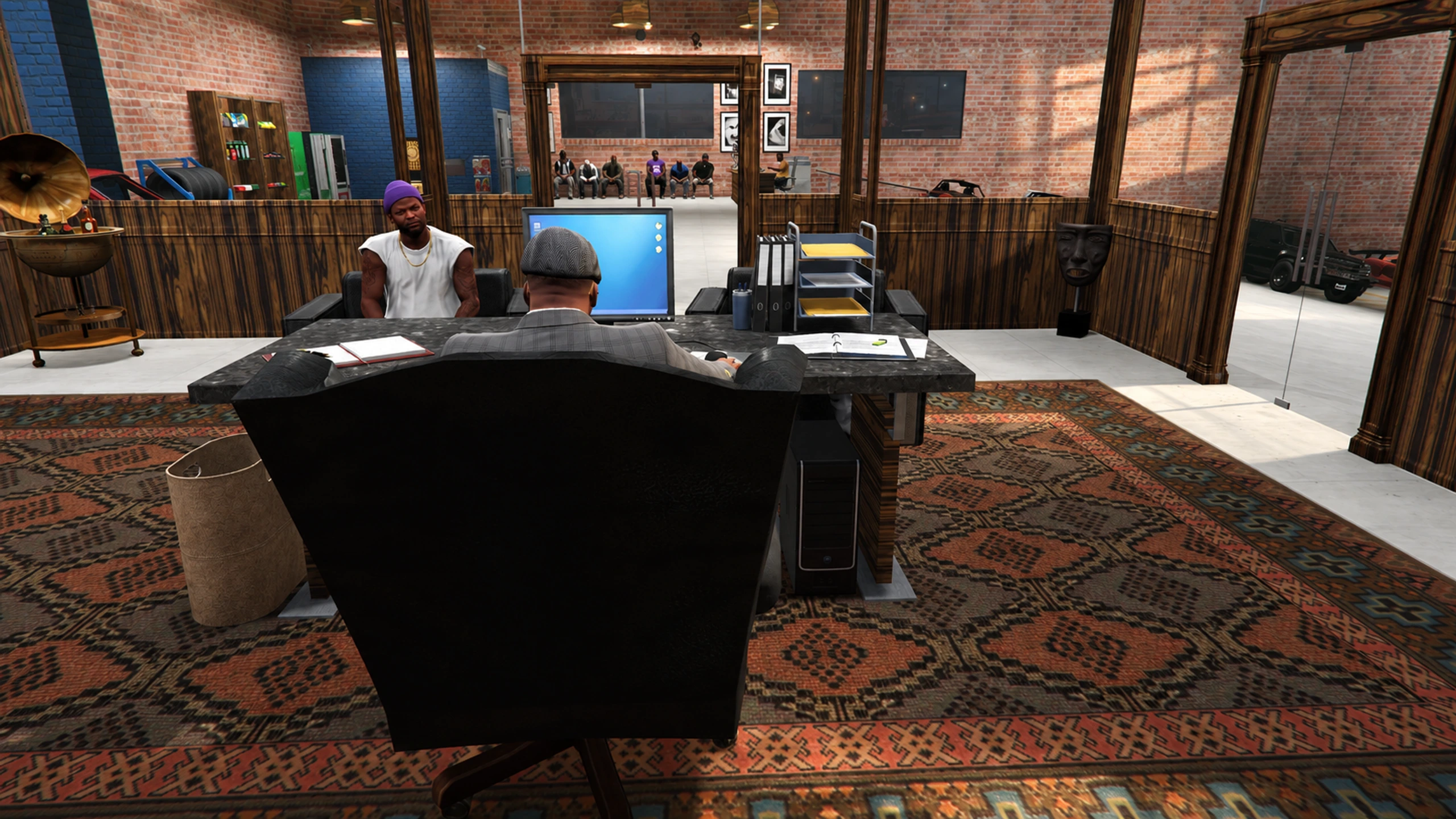 Bấm để xem toàn màn hình Gara nâng cấp phố Grove Street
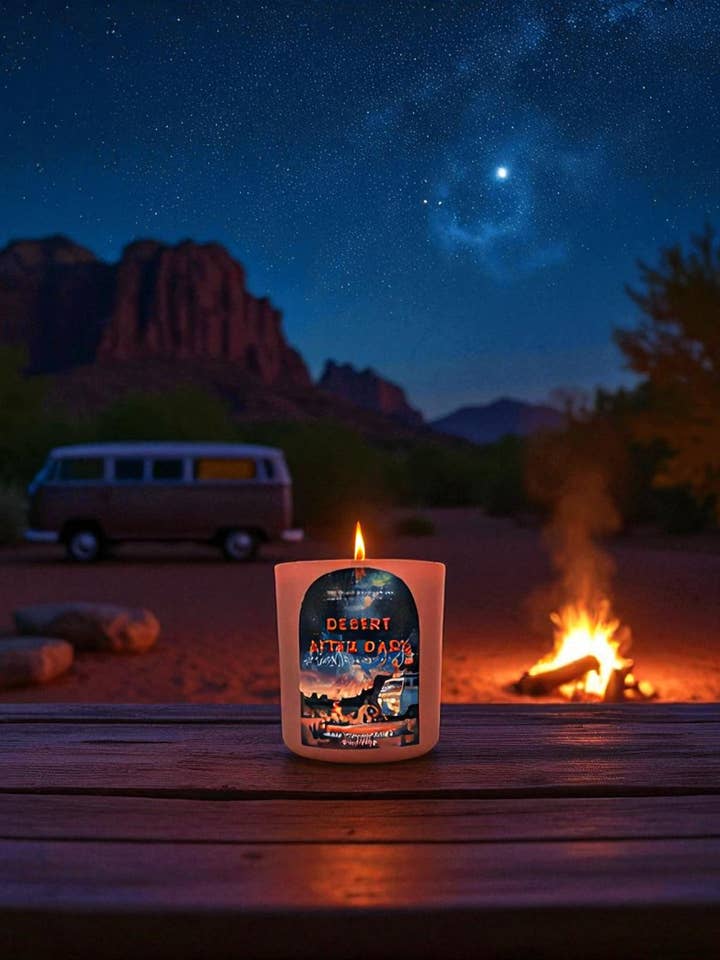 Desert After Dark: Arizona Southwest Western Hemp Candle for wholesale by The Modern Sonoran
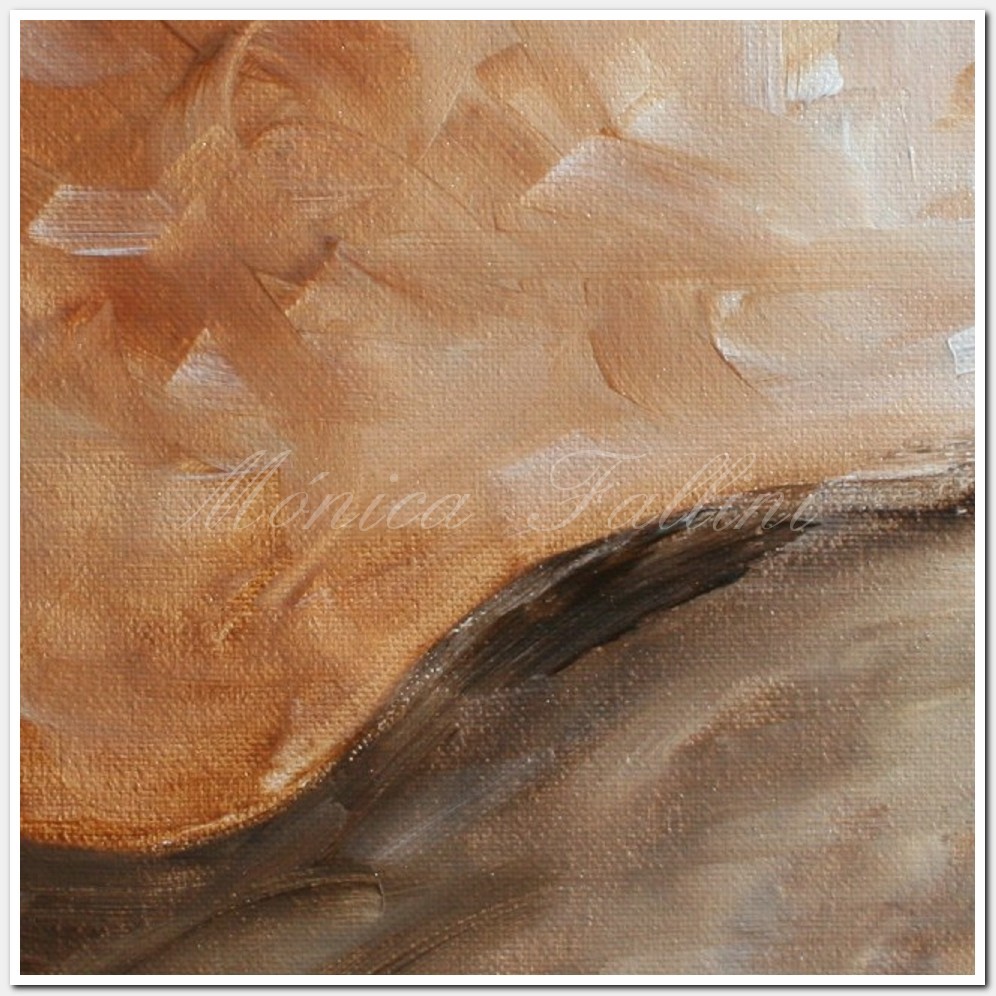 Painting titled 'Waves of mud under the sea' by Monica Fallini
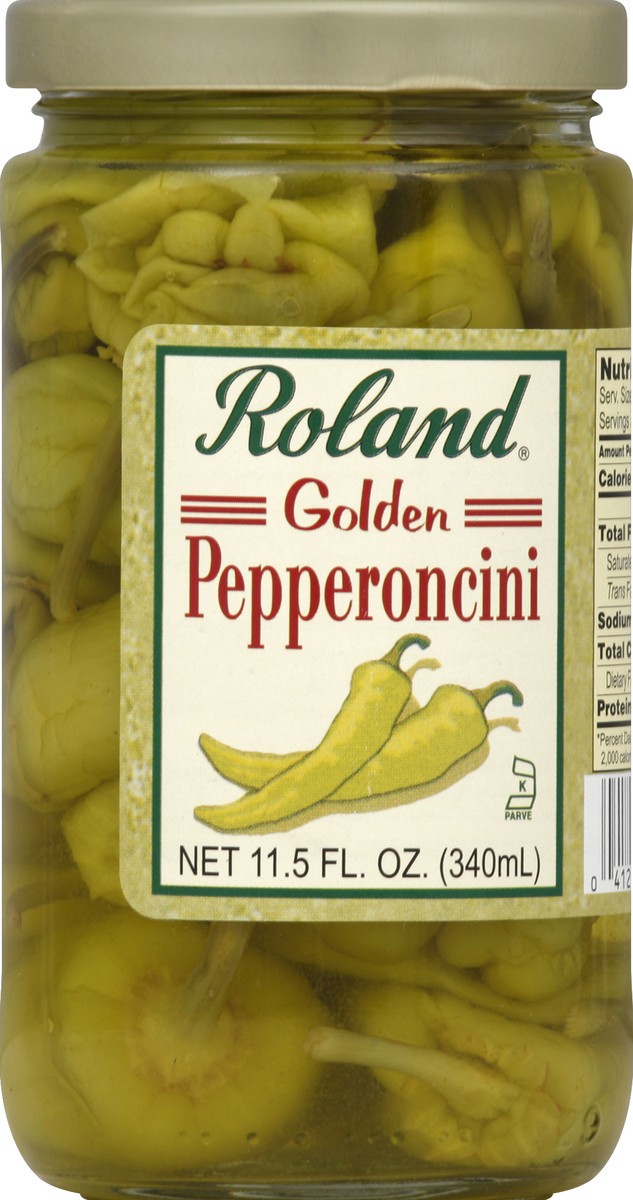 slide 2 of 2, Roland Whole Golden Pepperoncini 11.5 fl oz, 11.5 fl oz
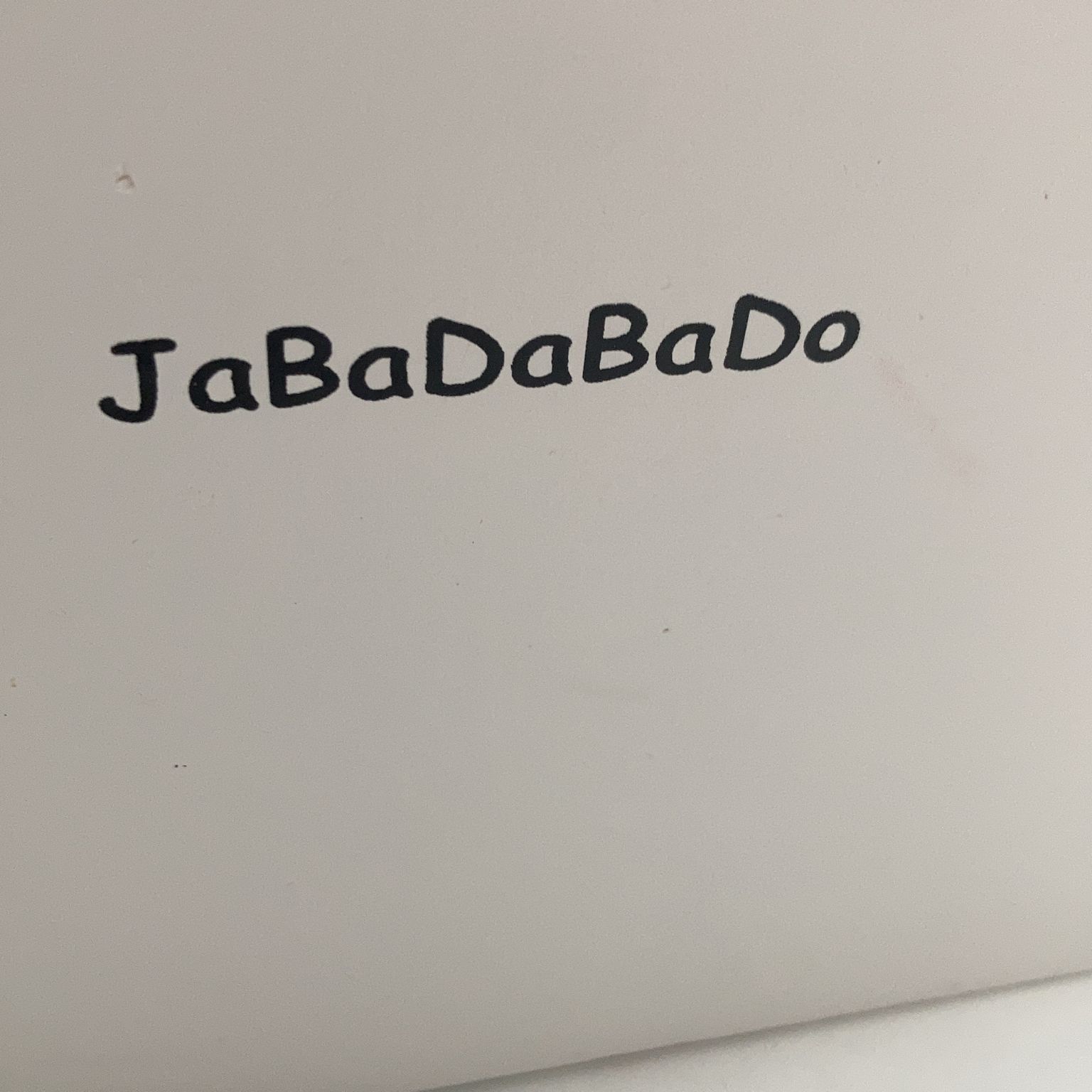 JaBaDaBaDo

» Problem requirements
Reproduce the material word for word, minus the images.

» Written response
 Bấm để xem toàn màn hình Gara nâng cấp phố Grove Street
 Desert After Dark: Arizona Southwest Western Hemp Candle for wholesale by The Modern Sonoran
 Painting titled 'Waves of mud under the sea' by Monica Fallini
 slide 2 of 2, Roland Whole Golden Pepperoncini 11.5 fl oz, 11.5 fl oz
 JaBaDaBaDo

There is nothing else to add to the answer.